Pakistani poet (1938–1981)

Khawar Rizvi (Urdu: ; 1 June 1938 – 15 November 1981) was a Pakistani poet and scholar of Urdu and Persian. Born Syed Sibte Hassan Rizvi, he used the pen name "Khawar"—which means "The East" in Persian—for his poetry and essays.

==Early life and career==
Khawar Rizvi was born into a Syed family on June 1, 1938. While some sources claim 1936, official documents indicate 1938. His mother, Abida Begum, was a poet, although most of her work was not preserved. His maternal uncle, Dr. Abul Hassan, was a poet and scholar, as was his aunt, Bano Saidpuri. Khawar Rizvi's father, Syed Najm ul Hassan Rizvi, belonged to the armed forces of Pakistan. His son, Dr. Syed Shabih ul Hassan Rizvi, is a teacher, scholar, philanthropist, and chairman of the World Future Forum, a UN-affiliated think tank.

Rizvi received his formal education at Government School, Campbellpur (now Attock), and graduated from Government College Attock. He completed postgraduate studies in literature at the University of Punjab and began his career as a teacher. He later worked in the banking sector. Reportedly motivated by his opposition to exploitation and poverty, he left his banking career despite its security. To serve the public, Khawar joined Pakistan's social security department. He was buried in the graveyard of Ahmad Pur Sial, a town in Jhang District, Pakistan. His death at 43 was widely mourned, especially in South Asia.

==Ideology and activism==
Rizvi was associated with the Progressive Writers' Movement in the subcontinent of India and Pakistan, and opposed all forms of tyranny, dictatorship, subjugation, and exploitation. His ideology and political beliefs reportedly caused difficulties for him during the era of General Zia-ul-Haq. Rizvi advocated for freedom of expression, civil liberties, human rights, equality, and the alleviation of poverty.

== Tributes and homages ==

Khawar Rizvi’s poetry was acknowledged both during his lifetime and after his death.
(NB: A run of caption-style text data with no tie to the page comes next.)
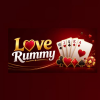 loverummyukcom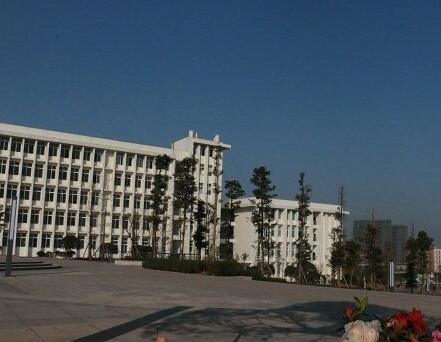 【成都信息技術(shù)學(xué)?！筷P(guān)于四川省一體化教學(xué)改革創(chuàng)新培訓(xùn)
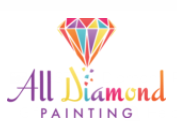 All Diamond Painting Coupons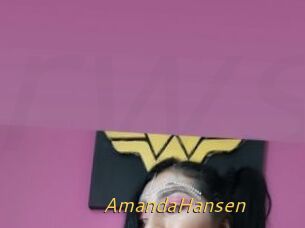 AmandaHansen
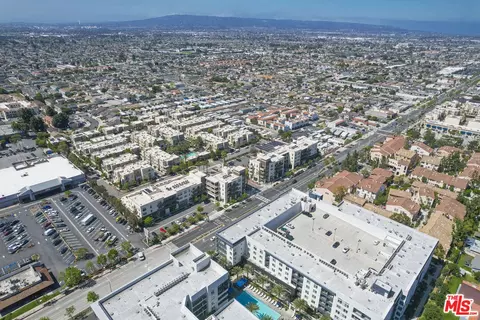 552 E Carson St #408, Carson, CA 90745 photo 58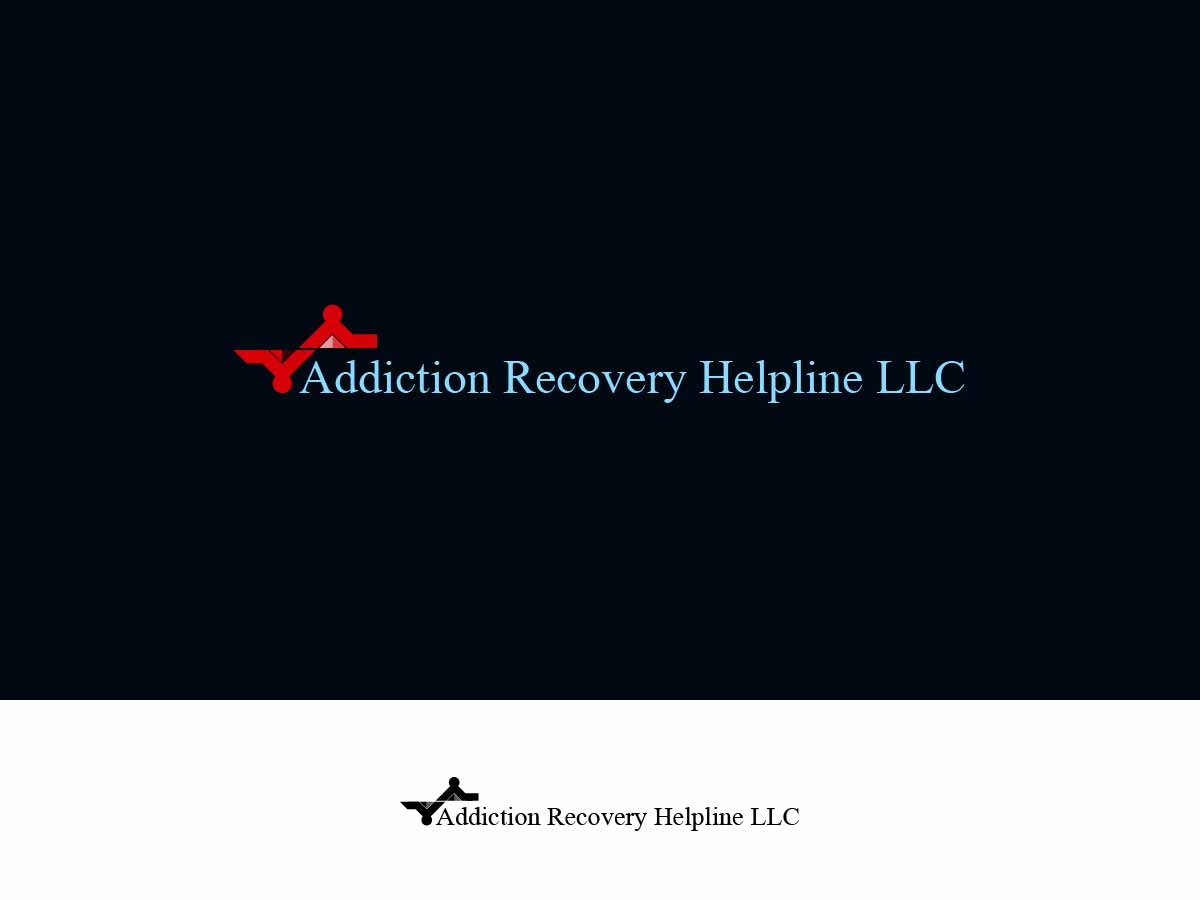 Logo Design by aping luth 89 for Spectrum Solutions | Design #17614040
Several writers and poets, including Ahmad Nadeem Qasimi, Tanveer Sipra, Professor Yousuf Hassan, Amjad Islam Amjad, Munnu Bhai, and Hassan Akhtar Jalil, publicly expressed condolences following his passing. Ahmad Nadeem Qasimi published a note on Rizvi in his literary magazine Funoon, based in Lahore. Khalid Ahmad wrote an article about Rizvi's work in the Daily Jang (Karachi), while Hassan Rizvi and Azhar Javed also wrote about him in the Daily Jang (Lahore) and in the literary magazine Takhleeq, respectively. Mashal, the magazine of Government College Attock, included a section on Rizvi and his poetry. Poets such as Iqbal Kausar, Dr. Saad Ullah Kaleem, Professor Zafar Jaunpuri, and Saeed Jaunpuri also published writings discussing his literary contributions. References to Khawar Rizvi and his son, Shabih-ul-Hassan Rizvi, appear in works by Rashid Amjad, Raghab Shakeeb, and Waqar bin Ellahi. A feature about Rizvi was also included in the children's magazine Kidzine International.
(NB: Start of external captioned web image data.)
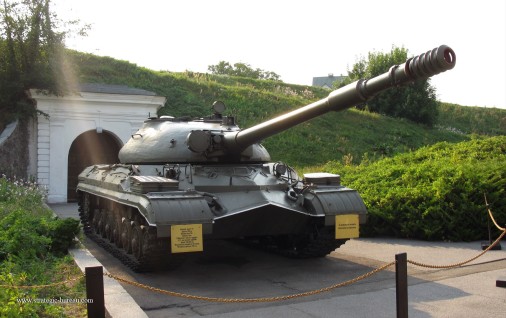 T-10_char_lourd_Russie_001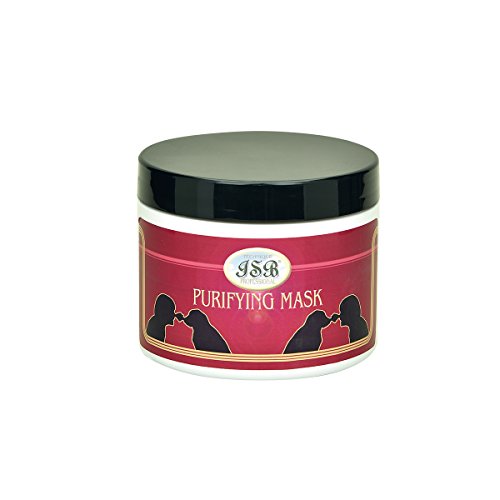 Purifying Mask - næring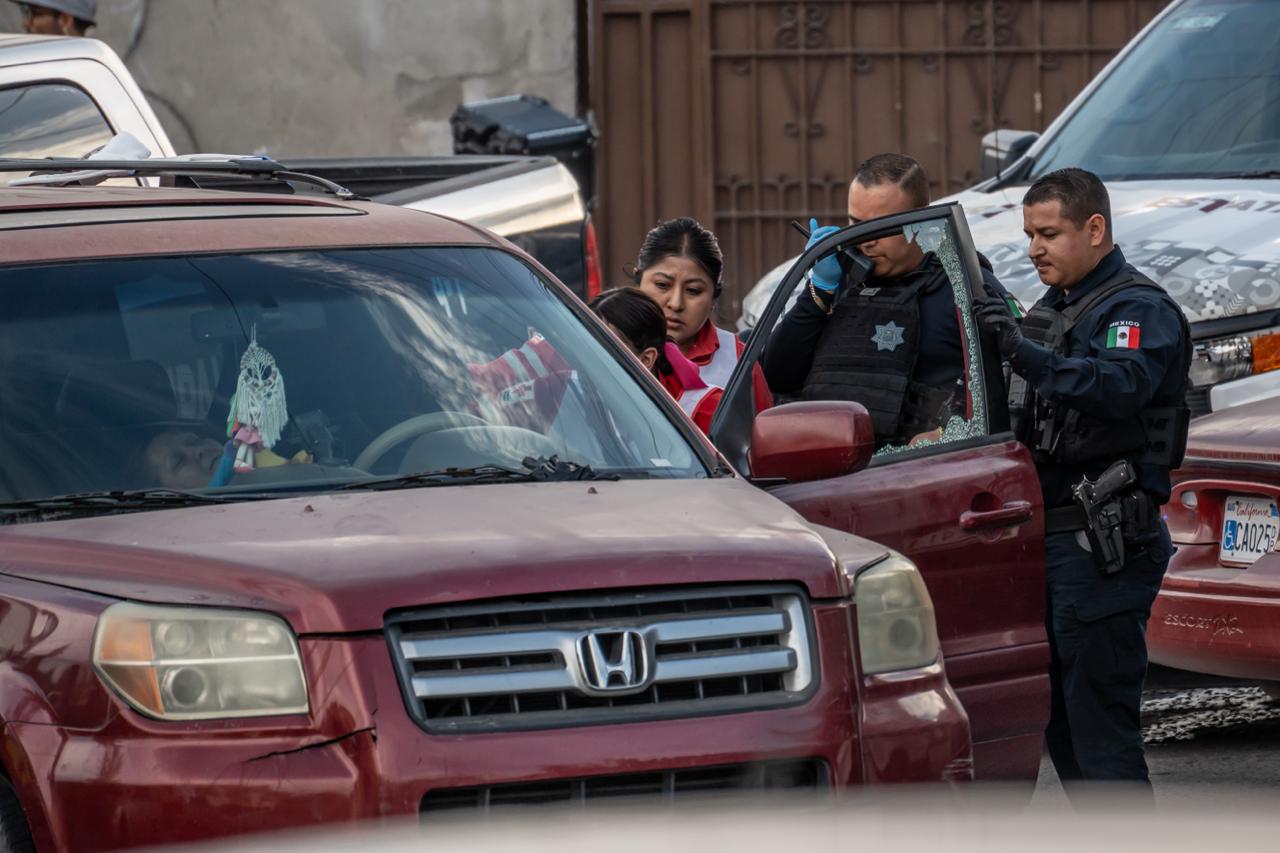 36acd9fe-e012-4964-a7b4-04575e76326e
"He was respected as a thinker and scholar throughout his life, though it was so short in years, but too big in deeds. Khawar Rizvi's thought was progressive, he never compromised on any subjugation. Though he was in a high position in the Social Security department, he always defended the rights of the workers. All his life he loved youth and children. He never liked disappointment and negative thinking. He was so full of life that death did not dare to enter his home, but caught him in the middle of way, far from his home in the morning and mourning hours of 15th November, 1981, when he was only 43."